§ Aim of the task
Repeat the listing below line by line, exactly, leaving its pictures behind.
*** Opening Records shown ***
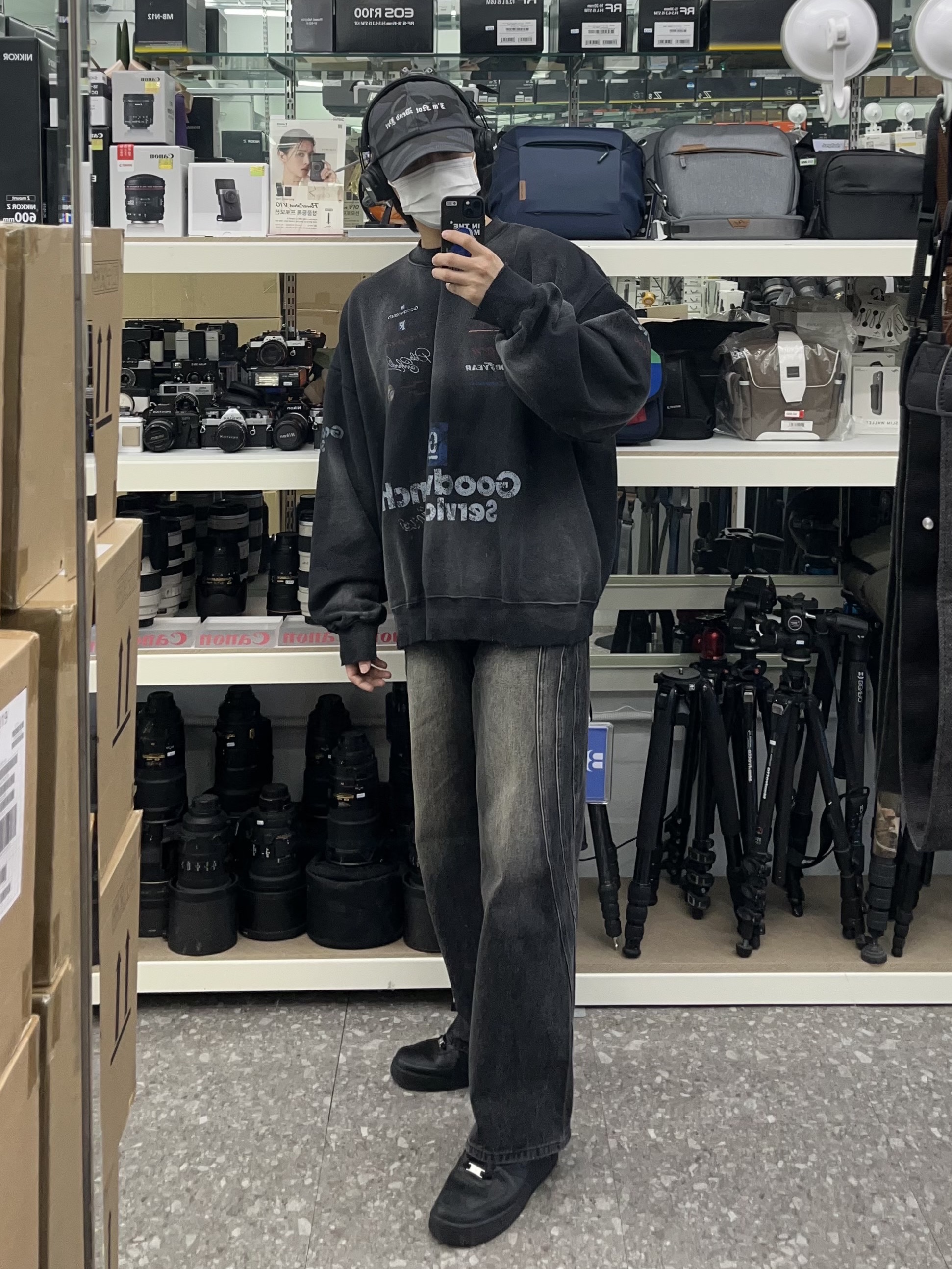 Nike Air Force 1 '07 Low Triple Black, Marshall Major IV Black (Korean Ver.) 착용 스타일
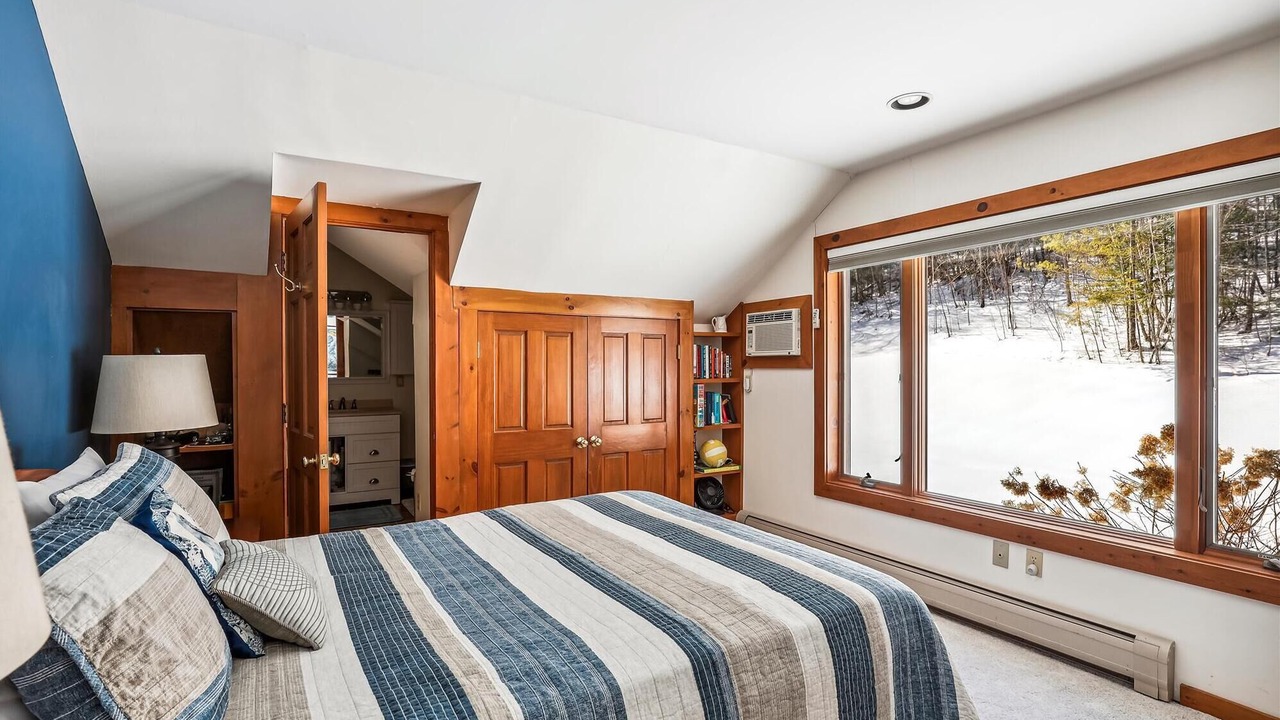 Photo of Bedroom in Stowe Hollow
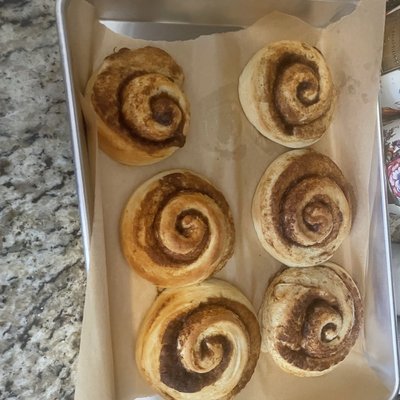 Cinnamon Rolls 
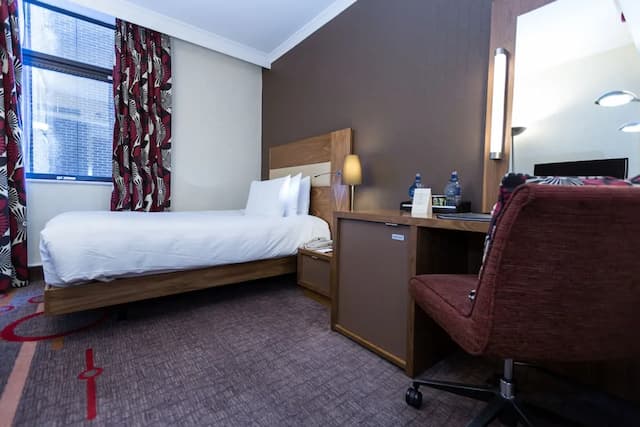 힐튼 런던 올림피아-싱글룸-4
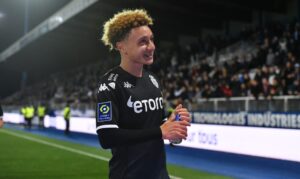 بنصغير خارج حسابات ليفركوزن.. هل يغير الركراكي قناعاته؟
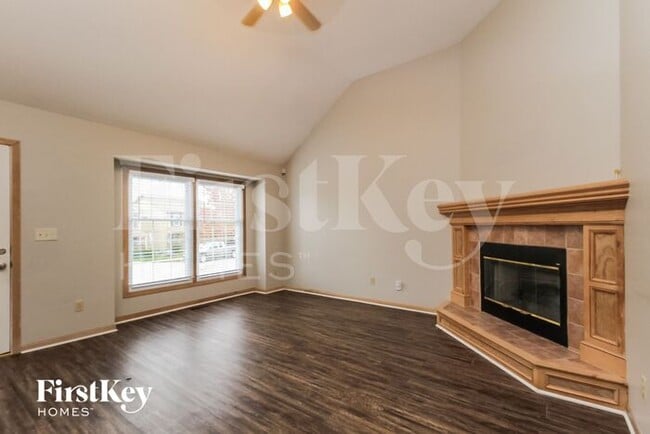 1021 NW 62nd Terrace in Kansas City, MO - Building Photo - Building Photo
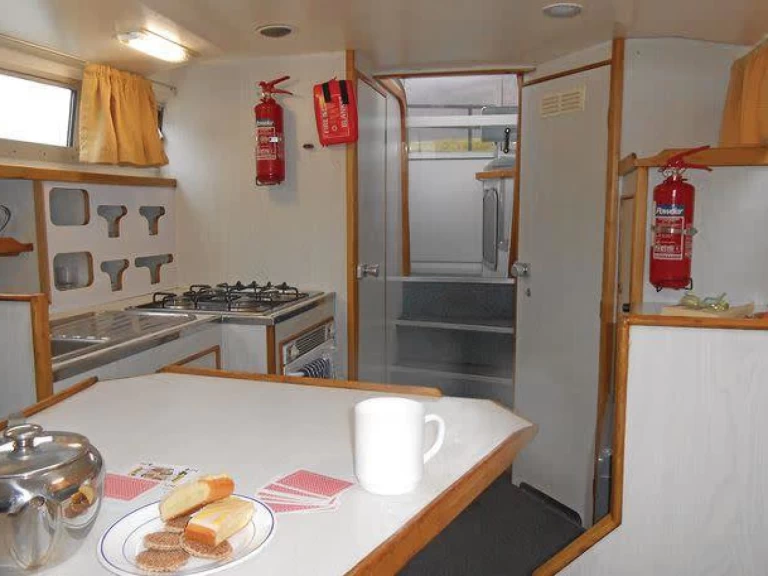 Uthyrning Motorbåt  Le Boat med en båtlicens 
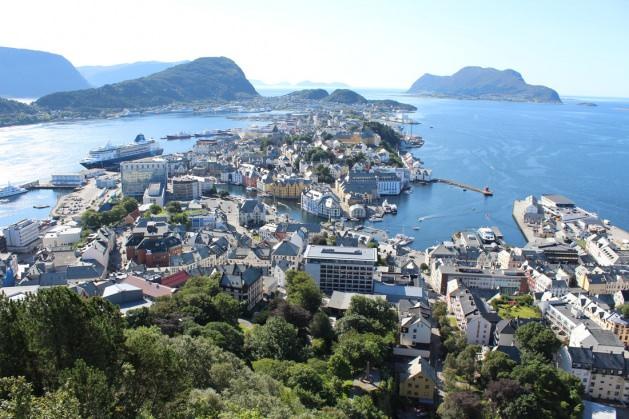 <p><strong>2. Norveç</strong><br />
Kişi başı gelir: 99.558 dolar</p>
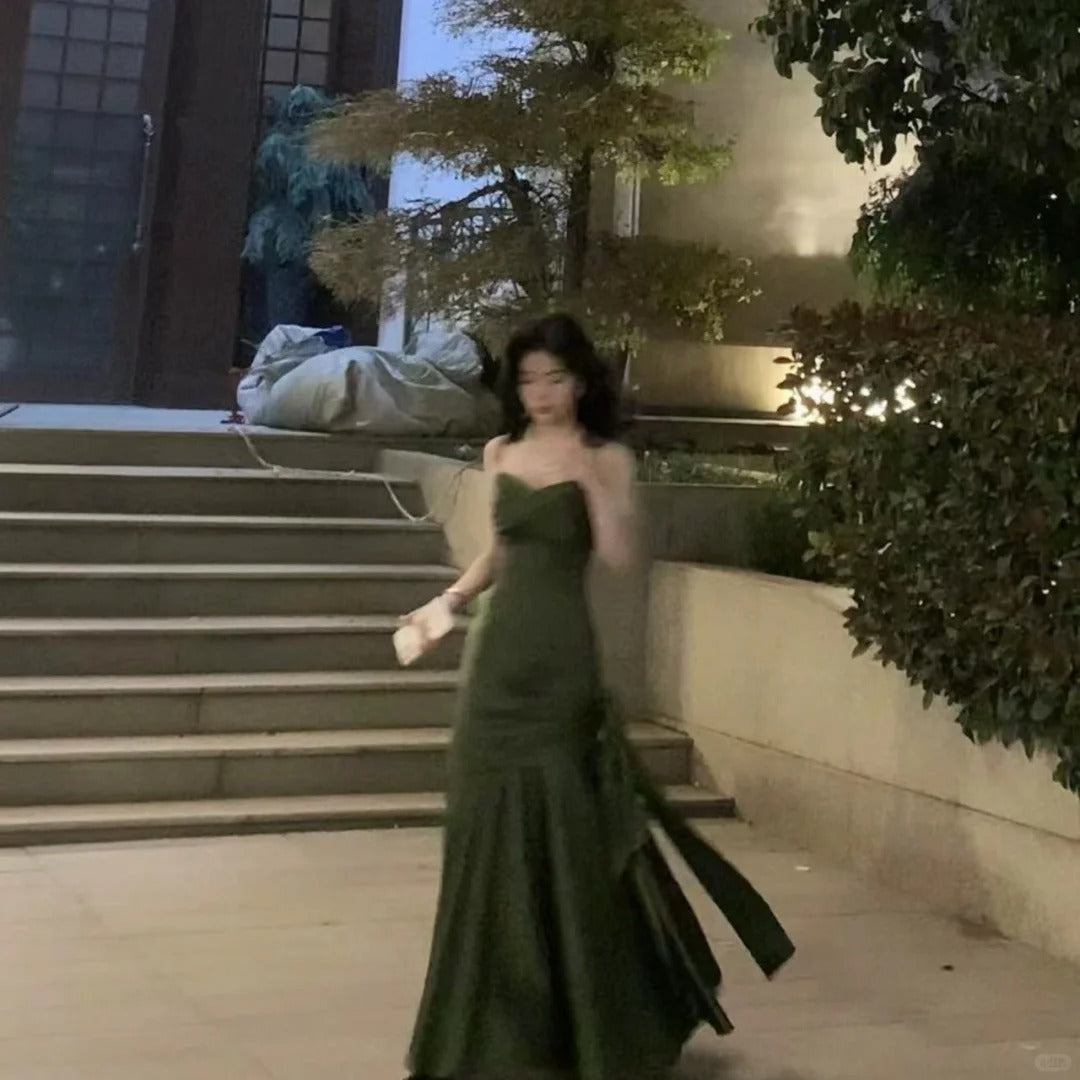 Superbe robe de soirée longue sirène en satin vert à bretelles plissée N2822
*** Closing Records shown ***
§ Result
 Nike Air Force 1 '07 Low Triple Black, Marshall Major IV Black (Korean Ver.) 착용 스타일
 Photo of Bedroom in Stowe Hollow
 Cinnamon Rolls 
 힐튼 런던 올림피아-싱글룸-4
 بنصغير خارج حسابات ليفركوزن.. هل يغير الركراكي قناعاته؟
 1021 NW 62nd Terrace in Kansas City, MO - Building Photo - Building Photo
 Uthyrning Motorbåt  Le Boat med en båtlicens 
 <p><strong>2. Norveç</strong><br />
Kişi başı gelir: 99.558 dolar</p>
 Superbe robe de soirée longue sirène en satin vert à bretelles plissée N2822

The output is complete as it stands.